Rss Feed
  1. Kita tidak membutuhkan waktu cukup lama untuk saling mencintai. Aku sudah mencintaimu saat pertama kali kita berbincang, saat aku bahkan belum tahu namamu.

    Iya, saat pada suatu malam kau menghampiri aku yang sedang berbincang dengan seorang bocah keriting[1] di atas atap. Kau yang tiba-tiba datang malah mendominasi pembicaraan. Kita mungkin tak akan berhenti berbicara jika aku tidak mengingatkan bahwa malam sudah larut dan kita semua harus tidur.

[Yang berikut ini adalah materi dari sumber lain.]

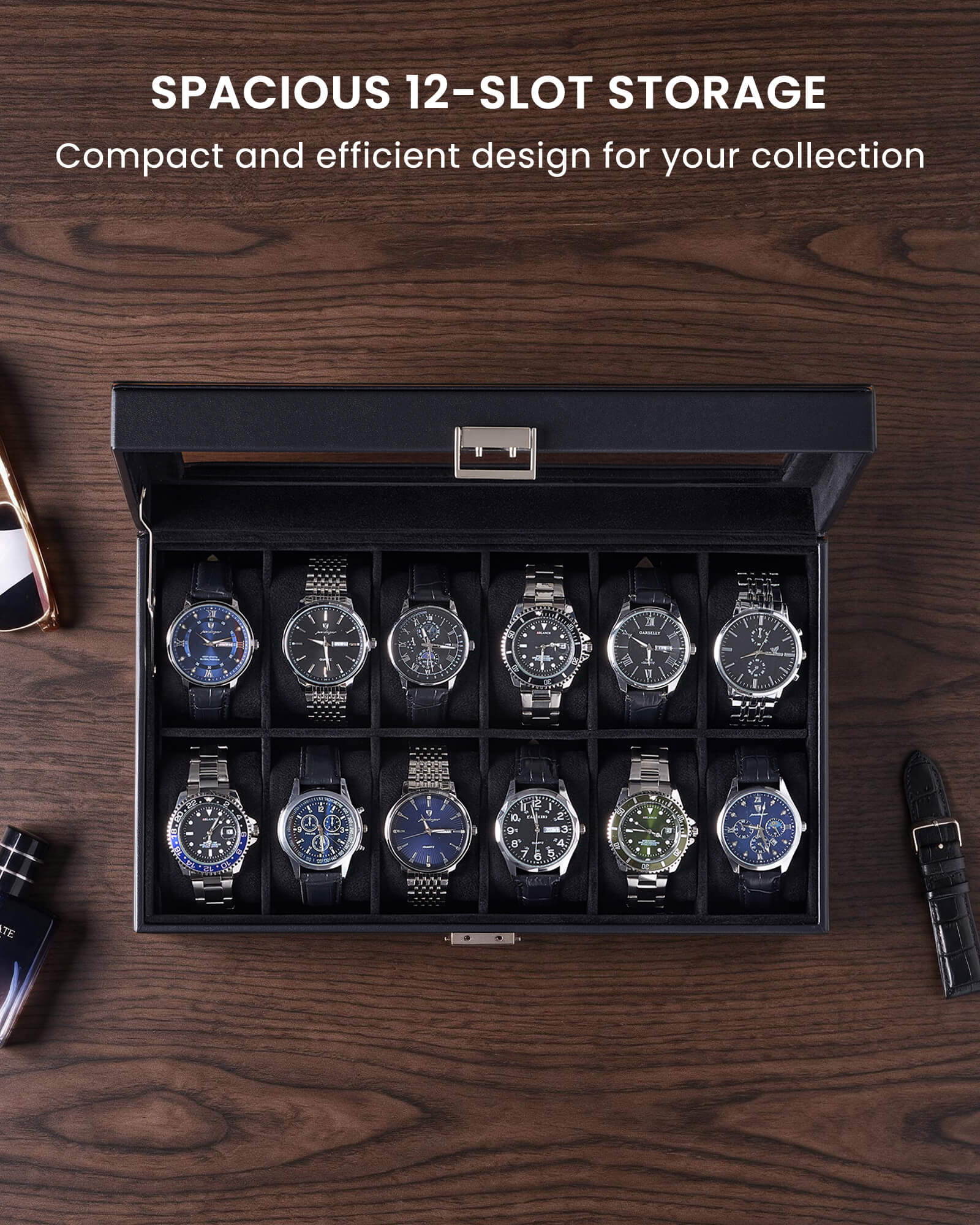 12-slot single-layer all black watch organizer box with glass lid and storage drawer showing size and dimension details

    Entah apa yang membuatku merasakan ada sesuatu yang tidak biasa. Tapi aku cepat-cepat menolak rasa itu dan mengingatkan diriku sendiri bahwa aku sedang menjalin hubungan dengan seorang lelaki dan saat itu aku meyakini kami saling mencintai. Meski pada saat yang bersamaan aku merasakan ada sesuatu yang hambar antara aku dan dia, semacam kehilangan rasa atau entah apa namanya, dan itu sudah terjadi sebelum kita bertemu.

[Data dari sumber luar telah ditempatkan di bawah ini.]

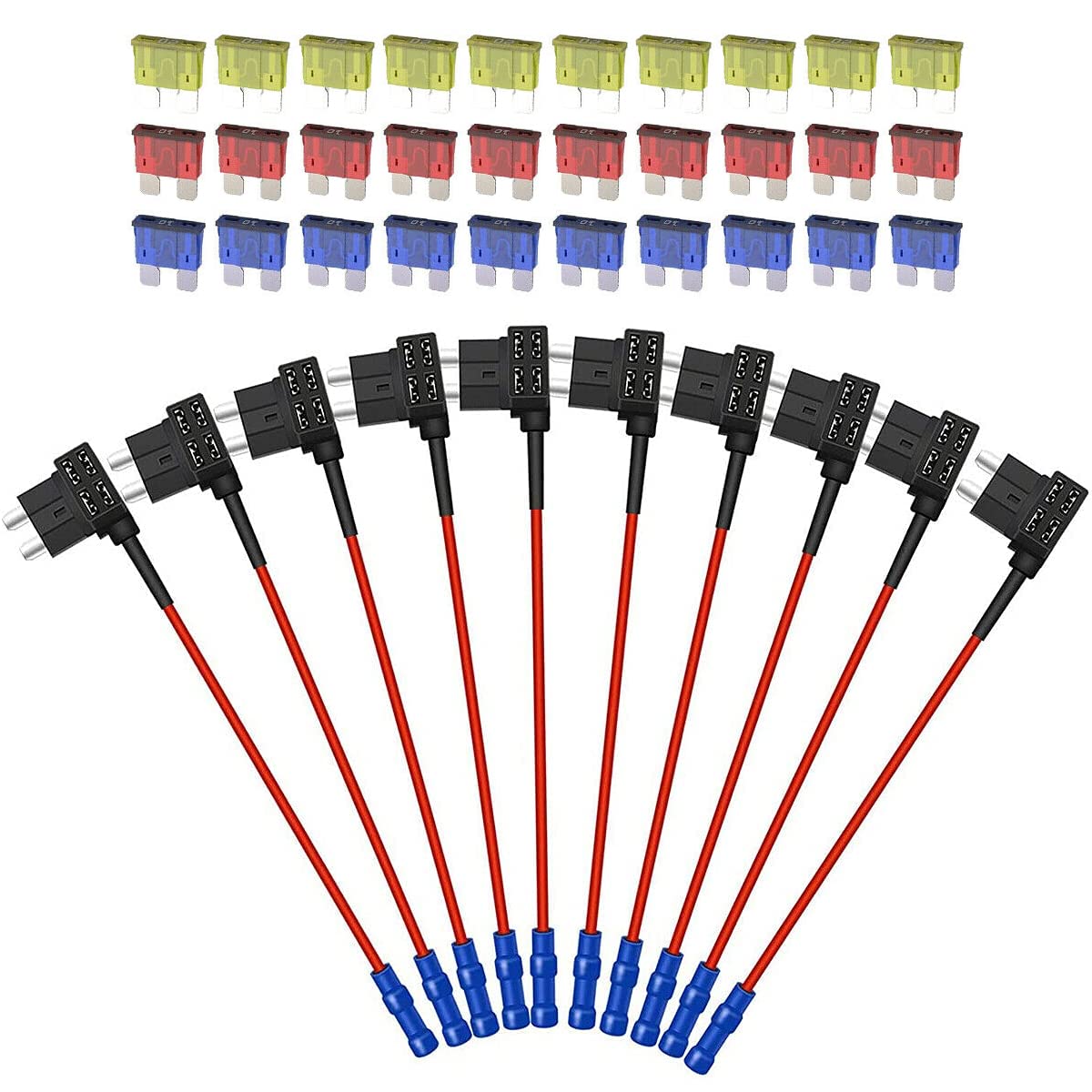 10 Pack 12V Car Add-A-Circuit Fuse Tap Adapter Piggy Back Standard ATO ATC APR ATS Blade Holder with 10A 15A 20A Blade Fuse for Cars Trucks Boats …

    Keesokan harinya aku tidak begitu ambil pusing denganmu. Aku bahkan tidak memperhatikanmu. Saat itu aku sedang berusaha meyakinkan diri bahwa hubunganku dengan kekasihku baik-baik saja. Meyakinkan diri bahwa aku masih mencintainya.

    Kau tentu tahu apa yang kemudian terjadi pada kita, bagaimana pada akhirnya kita menjadi semakin dekat, bagaimana kita terlalu sering memperhatikan satu sama lain, aku pikir tak perlu aku ceritakan lagi.

    Kau tentu masih ingat ketika secara tersirat aku mengatakan padamu bahwa aku sedang menjalin hubungan dengan orang lain di malam ketika kita menikmati wedang jahe buatan seorang teman. Aku melihat air mukamu berubah. Saat itulah aku menyadari kau memang benar mencintaiku.

    Sampai pada akhirnya, beberapa hari setelah itu aku mengajakmu bicara dan dengan jujur aku utarakan perasaanku. Aku mengakui bahwa aku mencintaimu, tapi aku juga mengatakan bahwa gagasan tentang ‘kita’ harus dikubur dalam-dalam sebab aku tak mau menyakiti kekasihku. Meski aku sendiri tak yakin dengan hubunganku yang menurutku semakin sulit.

    Singkatnya, aku kemudian mengakhiri hubunganku dengan kekasihku. Dan ternyata kau yang juga sedang menjalin hubungan—meski kenyataan ini aku ketahui di kemudian hari—menyudahi hubunganmu.

    Di mata kekasihmu, kau mungkin terlihat jahat, aku pun begitu. Aku bahkan cukup lama berlarut-larut dalam rasa bersalah. Dan kau berulang kali meyakinkan kalau itu tidak perlu. Saat aku berkali-kali merasa jahat, kau juga terus meyakinkan kalau jahat dan baik itu tergantung dari mana dan siapa yang melihatnya. Kau benar, kita tidak mungkin terlihat baik di mata semua orang.

    Kita juga pernah melewati masa-masa sulit. Aku, lebih tepatnya. Hanya saja kesulitan itu berimbas juga padamu. Kau tentu tidak lupa masa-masa ketika untuk waktu yang cukup lama kita menahan keinginan nonton di bioskop. Bahkan kita harus berpikir ulang untuk makan di pecel lele pinggir jalan. Atau ketika kau mengutarakan kalau kau ingin sekali makan bebek goreng tapi kita hanya bisa makan di warteg. Dan ketika untuk beberapa hari kau terpaksa menahan keinginan merokok. Tapi kita tetap tertawa. Kita bahagia.

    Masa sulit itu sudah kita lewati, meskipun bisa jadi masa seperti itu akan datang lagi. Tapi aku yakin kita tidak akan kehilangan kebahagiaan. Kita selalu punya cara untuk tertawa, ada banyak hal yang bisa kita tertawakan, menertawakan diri sendiri misalnya. Atau menertawakan Timeh[2].

    Di depanmu, aku selalu bisa jadi diriku sendiri. Aku tak perlu takut terlihat bodoh atau terlihat jelak. Tak pernah khawatir terlihat cengeng atau kekanak-kanakan. Dan itu juga membahagiakan.

    Akan seperti apa kita nanti, kita tak akan pernah tau. Yang jelas, selama kamu dan aku masih menjadi kita, semoga kita tetap bisa saling membahagiakan.

    Selamat ulang tahun, kamu, kekasihku. Berbahagialah!




    [1] Bukan bocah dalam arti sebenarnya. Usia kami hanya terpaut empat tahun, hanya saja aku sudah menganggapnya adik.